Skift, the travel intelligence platform revealed the condition of startup and venture capital funding in travel industry in a podcast. CB Insight research director and an associate of venture capital firm also presence.
In the podcast, Skift invited two industry experts, Marcelo Ballvé, Research Director at CB Insights, and Krish Jagirdar, associate at Brand New Matter. The podcast was guided by Skift reporter Alexandra E. Petri and Skift News Editor Dennis Schaal
In their discussion,as Skift reported, the experts discussed present condition of travel startups, and also the broader market of non-travel startups in general. During the discussion, issues about unicorns such as Uber and Airbnb was raised. That also includes the growing concern of overvaluations that may determine the direction of investing in 2016.
The podcast organizer, Skift was launched in August 2012. It was founded with underlying premise to be fanatically focused to document and help travel industry understanding the constant change of traveler behavior.
As a business intelligence platform for travel industry, Skift tried to provide a media, insight and marketing to the key sectors of travel industry. Skift provided four products, the daily news and insight, bi-monthly trend report, global forum and conference, and also content studio SkiftX to provide innovative marketing for travel industry.

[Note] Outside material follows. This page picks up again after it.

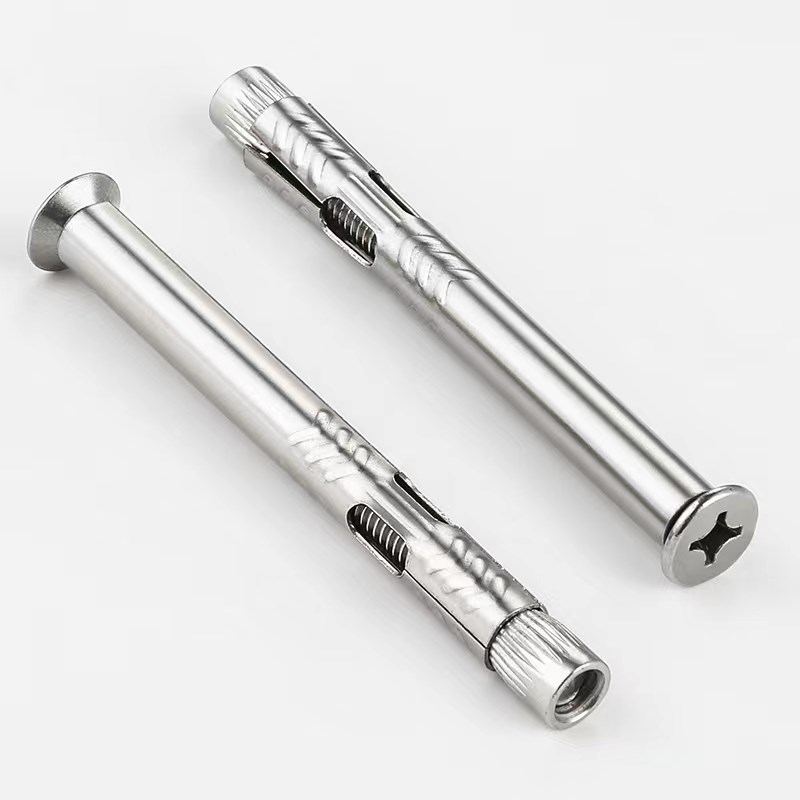 201不锈钢十字沉头内膨胀鱼鳞长孔内置式拉爆铝合金断桥螺丝门窗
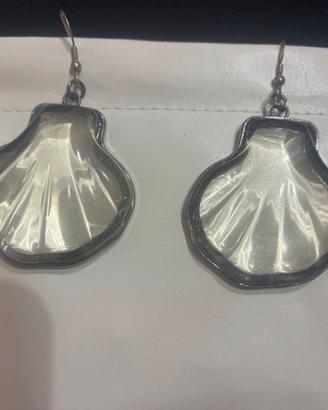 Orecchini vintage a forma di conchiglia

One of the main issue discussed in the podcast is the overvaluation of unicorn travel startup such as Airbnb and Uber. Both are startups whose value has reached more than $1 billion, with $20 billion market value for Airbnb and $62.5 billion for Uber.
However, according to research from Goldman Sachs, only 40% of consumers polled were likely to return to hotels in Airbnb and other peer-to-peer lodging service. The data showed, as Bloomberg reported, "If people have stayed in peer-to-peer lodging [P2P] in the last five years, the likelihood that they prefer traditional hotels is halved (79 percent vs. 40 percent)."
Another unicorn, Uber is also facing the serious threat in its operation. CNBC reported the ride-hailing service lost $1 billion a year in its China operation, losing to local service, Didi Kuaidi. CEO Travis Kalanick commented about its lost in an interview with Canadian news Betakit, "We have a fierce competitor that's unprofitable in every city they exist in, but they're buying up market share. I wish the world wasn't that way."
Following mr. Kalanick's remark, a spokeperson from Didi Kuaidi claimed that the comments were "outright untrue." Didi Kuaidi said its business had reached break-even in more than half of the 400 Chinese cities
The Skift podcast, which attended by two experts in travel industry and venture capital noted that overvaluation of the unicorn is a burden for the company to maintain its operation. This especially true for Airbnb and Uber.